William Cline is going against the grain. Cline, a well-known economist, isn’t convinced that the stock market is wildly overvalued. That’s an increasingly lonely view.
“Warning Signs Mount as Stocks Stumble,” The Wall Street Journal headlined earlier this week. “Investors are running out of reasons to keep buying U.S. stocks, exposing a growing number of warning signs,” the Journal wrote. The most commonly cited are high P/E ratios, meaning the relationship between stocks’ prices (the P) and their profits or earnings (the E). A June survey of investment managers found that 84 percent felt U.S. stocks are overvalued.
Going back to 1936, the average P/E for the reported earnings of the Standard &Poor’s 500 stocks has been about 17, notes Howard Silverblatt of S&P. Recently, the P/E has been about 24. Some tech companies have especially high P/Es.
Not so fast, says Cline in a short paper for the Peterson Institute, the Washington think tank where he works. Statistical comparisons with the past, he argues, suggest the conventional wisdom is wrong. “Low inflation, low unemployment and low interest rates (create) considerable justification for the relatively high price-earnings ratios,” he writes.
The stakes in this dispute are substantial. A weakening stock market could hurt the “real economy” of production and jobs, as consumers feel less confident and spend less. A falling market would also compound the woes of President Donald Trump, who has viewed climbing stocks as evidence that support for his policies is greater than media coverage indicates.
Even Cline says the market’s advance has been “robust.” From year-end 2011 to year-end 2016, the Standard &Poor’s (S&P) index of 500 stocks rose an impressive 78 percent. Still, he notes, the gain is much less than the increase in a similar five-year period that led to the dot-com bubble. From year-end 1994 to year-end 1999, the S&P rose 220 percent.
From 2002 to 2012, Cline says, stocks mostly followed profits upward. This is uncontroversial. Fundamentally, stocks are supposed to reflect companies’ present and expected future profits. But since 2012, stock prices have increased faster than profits, raising questions about whether the market is riding an unsustainable speculative wave.
One explanation, according to Cline, is optimism about future profits. He cites forecasts by investment analysts that profits will grow rapidly in the next few years, up 37 percent in 2018 from 2016 levels.

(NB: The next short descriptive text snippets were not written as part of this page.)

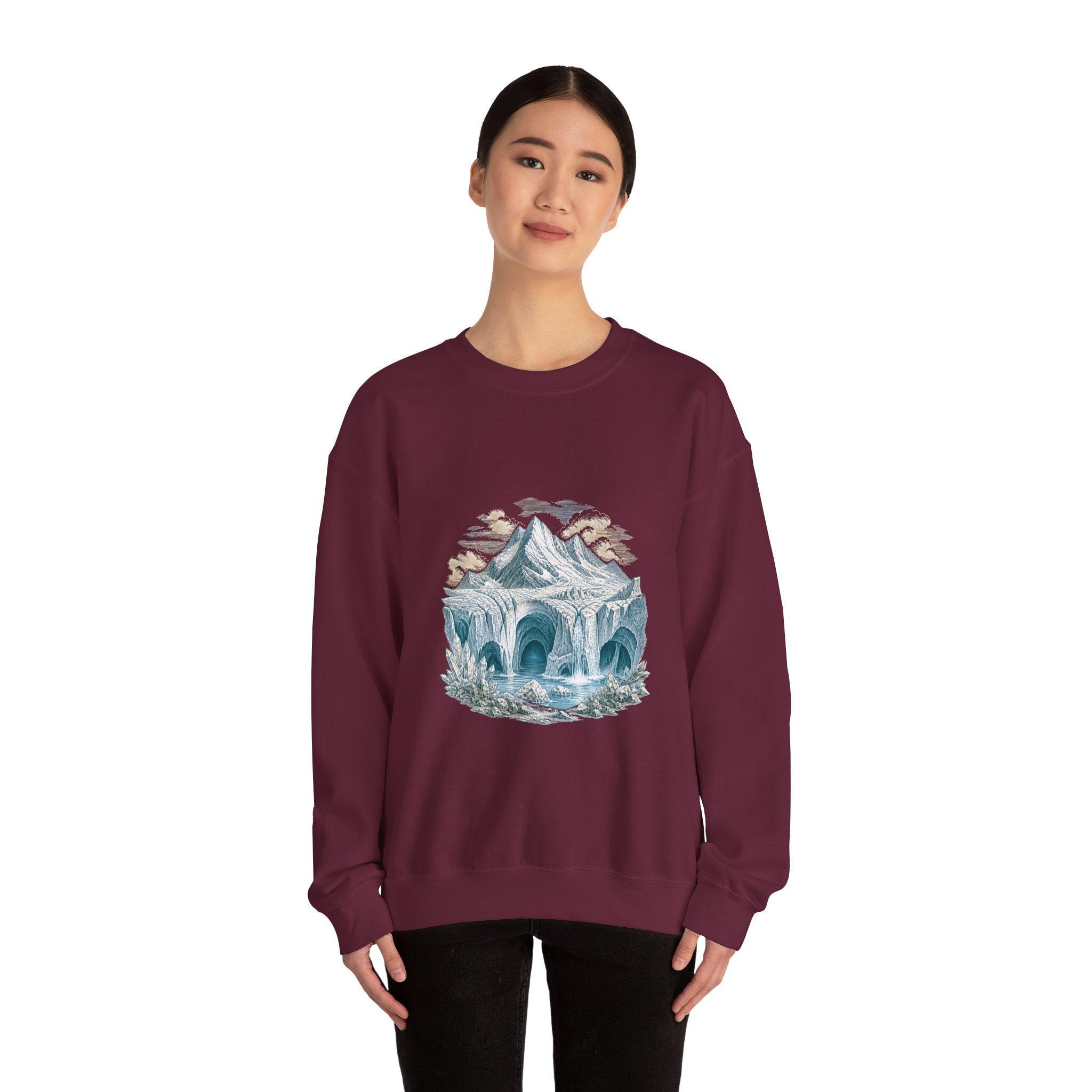 Matching Couple Sweatshirt - Volcano & Glacier Matching Couple Premium Fleece Sweatshirt Vintage Art His Hers Honeymoon Gift - Design B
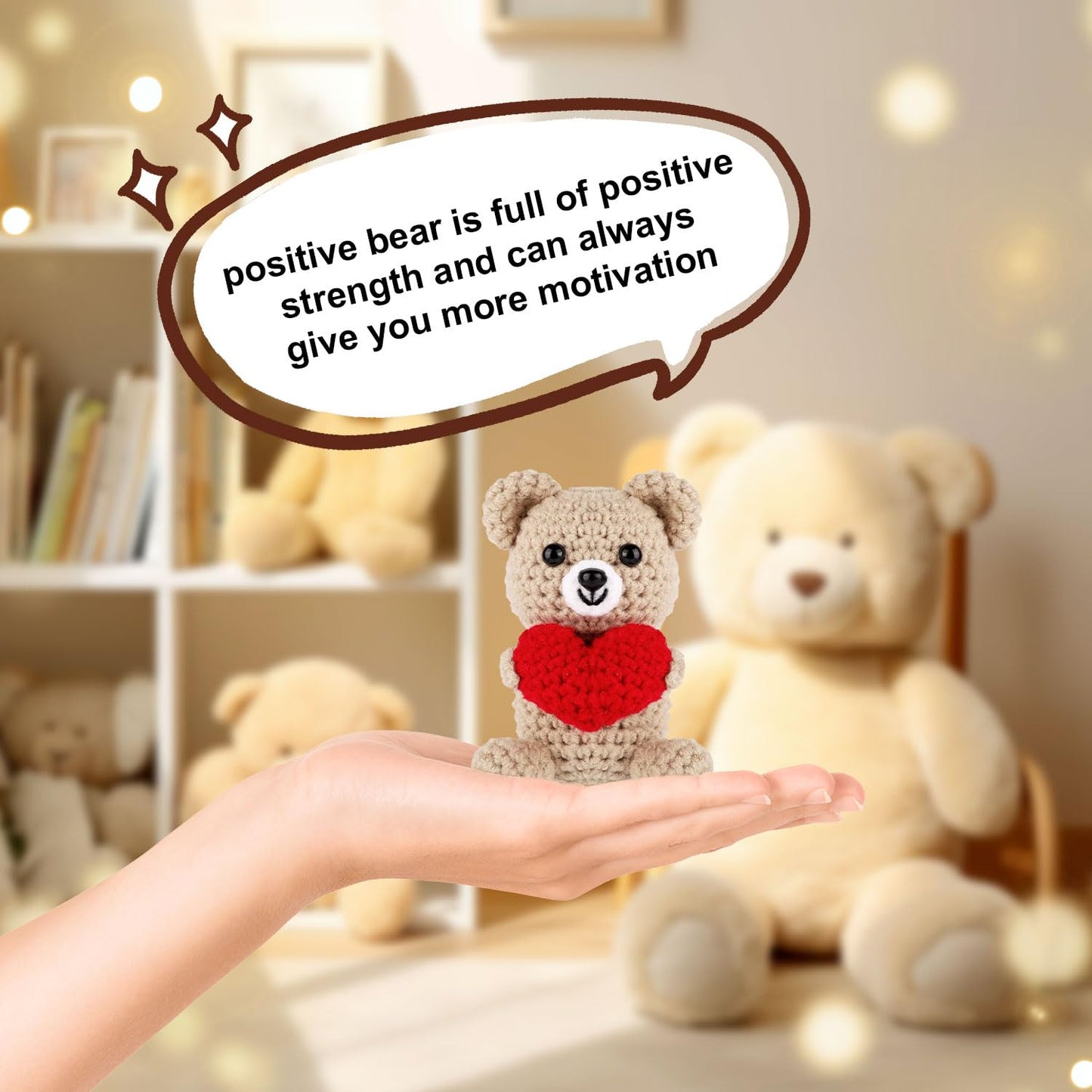 Positive Bear, Pocket Hug Bear With Love Heart Bear Crochet Doll Valentine Bear Emotional Support Animals Knitted Bear Toy For C
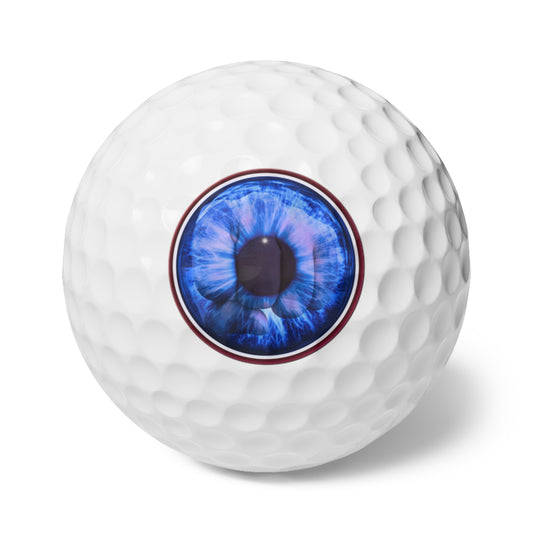 Lumpy Donut Golf Balls - 6-pack - "Drive Wilson in the Eye" - blue/red idonut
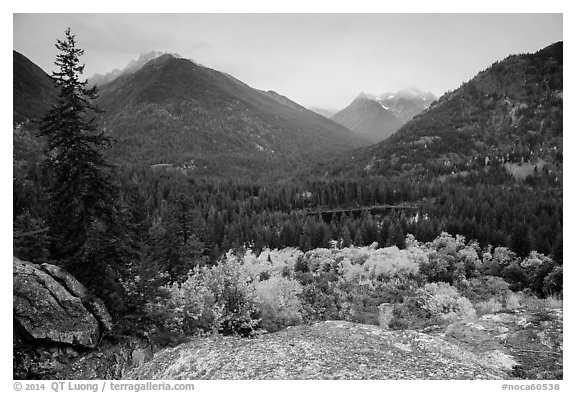 Coon Lake from above and Agnes peak, North Cascades National Park Service Complex.  (black and white)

Cline relies heavily on a statistical model that attributes stocks’ P/E ratios to three factors: the unemployment rate; the inflation rate; and interest rates as measured by the rate on 10-year Treasury notes. There’s a logic behind each. Low unemployment signifies strong profitability — good for stocks — while higher jobless rate favors the opposite. Higher inflation fosters uncertainty and weaker profits. Higher interest rates draw money from stocks into bonds and certificates of deposit.
Cline likes the results. “During the past five years,” he writes, “the predicted P/E ratio has been relatively close to the actual level.”
All in all, he reasons that stocks aren’t trading far outside of what historical experience would suggest.
But even Cline’s calculus rests on optimistic assumptions — strong gains in profits, muted inflation and low unemployment and interest rates. Any of these favorable conditions could reverse.
Rising interest rates are the most obvious vulnerability. Indeed, the Fed is nudging rates higher to pre-empt worsening inflation and financial speculation. It’s also possible that the turmoil of the Trump administration could spill into financial markets, as investors conclude that many of the president’s proposals, including so-called tax reform, stand a scant chance of passage.
So: The stock market may not be crazy, but it’s certainly giddy.
Robert Samuelson is a Washington Post columnist.